Dataset excerpt:
++++++++++
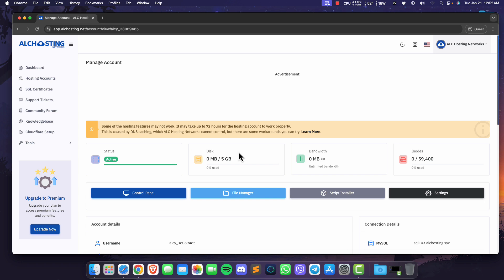Hello everyone, today we'll be showing you how to add a domain name to your Vistapanel. Let's get started.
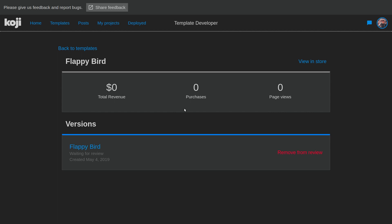We successfully copied Flappy Bird into Koji, added a bunch of cool customization settings, and submitted our template to the template store. Thanks for watching. If you learned something new from the video, don't forget to like. If you had trouble anywhere and need some help, leave a comment and I'll be looking out for those. Don't forget to subscribe to the channel. Thank you, and I'll see you next time.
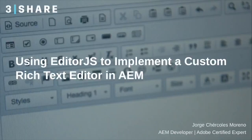Hi, my name is Jorge Cercules. I am a backend developer at Freezer, and I would like to talk about the solution we developed as a replacement for the AEM rich text editor.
++++++++++
Task brief: A faithful, word-for-word copy of the data is needed; the pictures should not appear in it.

Your solution:
Hello everyone, today we'll be showing you how to add a domain name to your Vistapanel. Let's get started.
We successfully copied Flappy Bird into Koji, added a bunch of cool customization settings, and submitted our template to the template store. Thanks for watching. If you learned something new from the video, don't forget to like. If you had trouble anywhere and need some help, leave a comment and I'll be looking out for those. Don't forget to subscribe to the channel. Thank you, and I'll see you next time.
Hi, my name is Jorge Cercules. I am a backend developer at Freezer, and I would like to talk about the solution we developed as a replacement for the AEM rich text editor.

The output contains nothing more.